Sequence of functions in L^2[-pi,pi]

[iomtt6076]

Homework Statement

Consider the functions $$f_n(x)=e^{inx},n\in\mathbb{Z},-\pi\leq x\leq\pi$$ viewed as points in $$\mathscr{L}^2[-\pi,\pi]$$. Prove that this set of functions is closed and bounded, but not compact.


2. The attempt at a solution
I'm first trying to prove that the set of functions is closed. Let g be a limit point of the set, so given any positive number epsilon, there exists f_n such that $$\|f_n-g\|_2<\sqrt{\epsilon}$$. Squaring both sides, I get on the left hand side

$$2\pi -2\text{Re}\int_{-\pi}^{\pi}g(x)e^{-inx}dx+\int_{-\pi}^{\pi}|g(x)|^2 dx$$

So

$$g\sim\sum\limits_{-\infty}^{\infty}c_n e^{inx}$$

and by Parseval's Theorem,

$$\sum\limits_{-\infty}^{\infty}|c_n|^2 = \frac{1}{2\pi}\int_{-\pi}^{\pi}|g|^2 dx$$

I don't know where to go from here.

 

[Billy Bob]

What would $$\|f_n-f_m\|_2$$ be?

Can you even have a Cauchy sequence?

 

[iomtt6076]

What would $$\|f_n-f_m\|_2$$ be?

Can you even have a Cauchy sequence?

$$\|f_n-f_m\|_2 = 4\pi -\int_{-\pi}^{\pi}e^{i(m-n)x}dx-\int_{-\pi}^{\pi}e^{i(n-m)x}dx$$

so when m and n are different, there exists a positive number less than the expression above. So I would say that no, you can't have a Cauchy sequence and so this shows the set of functions is not compact.

But I'm still having trouble with proving the set is closed.

 

[Billy Bob]

Could show the set is complete as a metric space, hence closed.

Note: I guess technically there are Cauchy sequences, but only the sequences that eventually become constant.

 

[iomtt6076]

Thanks for your help; I have to say though that I don't see how there are sequences that eventually become constant. I can't seem to find a sequence {f_n(x)} that converges to a constant value given any x.

 

[Billy Bob]

I mean a sequence $$(a_1, a_2, a_3,\dots)$$ in X with the property that there exists x in X and an integer N such that for all n>N, a_n=x.

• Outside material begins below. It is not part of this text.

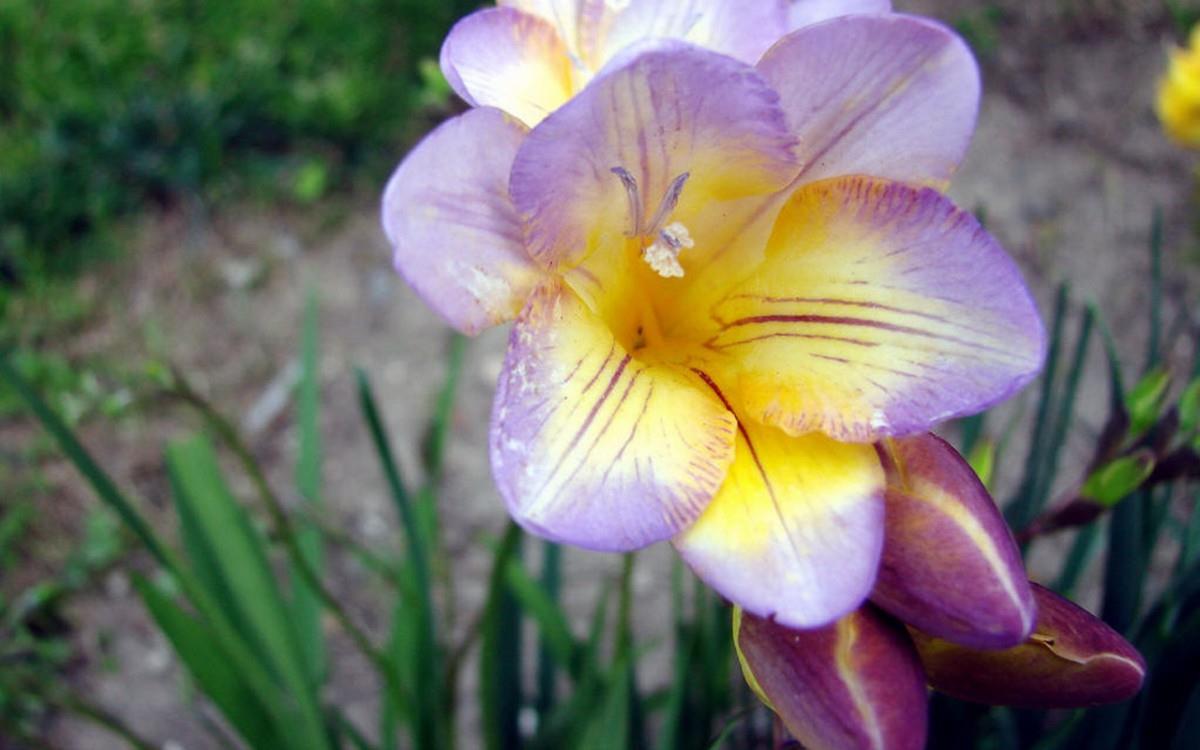 香雪兰花卉图片第二辑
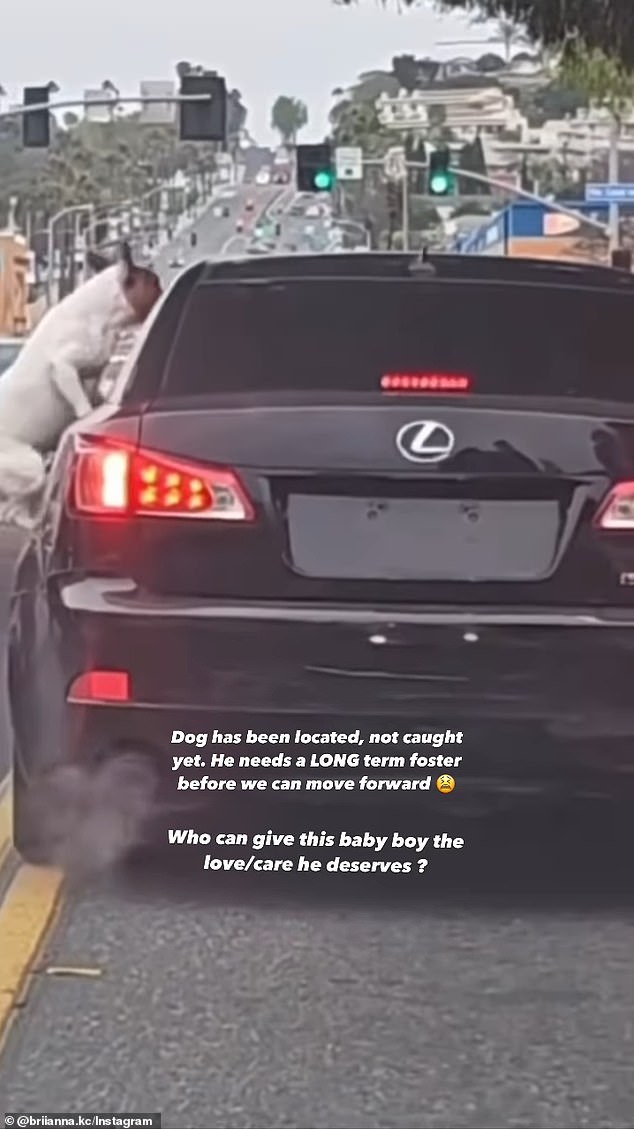 An onlooker captured the moment the dog's owner threw him out of his Lexus and drove away.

For example, the sequence $$(f_2, f_8, f_8, f_8, f_8,\dots)$$ where all the rest of the "points" (i.e. functions) are f_8

Such a sequence is trivially Cauchy.

 

[iomtt6076]

Okay, thanks again for your assistance.

 

[iomtt6076]

Sorry, just one last question: isn't any subset S of $${\cal L}^2[-\pi,\pi]$$ bounded by the zero function g(x)=0, since for any $$f\in S$$

$$\|f-g\|_2 = \left(\int_{-\pi}^{\pi}|f-g|^2 d\mu\right)^{1/2} = \left(\int_{-\pi}^{\pi}|f|^2 d\mu\right)^{1/2}$$

which by definition is finite?

 

[Billy Bob]

No. Using g=0 is OK, but you would need one constant M such that for all f in S, $$\|f-g\|_2<M$$

Fortunately, in this case it is easy to find such an M, with your g.

 

[Dick]

All of your functions are orthogonal in L^2 and they are all of constant L^2 norm. Aren't you trying to prove the sequence is a closed set? It's a discrete set.

 

[Billy Bob]

$$\|f_n-f_m\|_2 = 4\pi -\int_{-\pi}^{\pi}e^{i(m-n)x}dx-\int_{-\pi}^{\pi}e^{i(n-m)x}dx$$

iomtt6076, I'm just double checking. You do know what $$\int_{-\pi}^{\pi}e^{i(m-n)x}\,dx$$ is, right?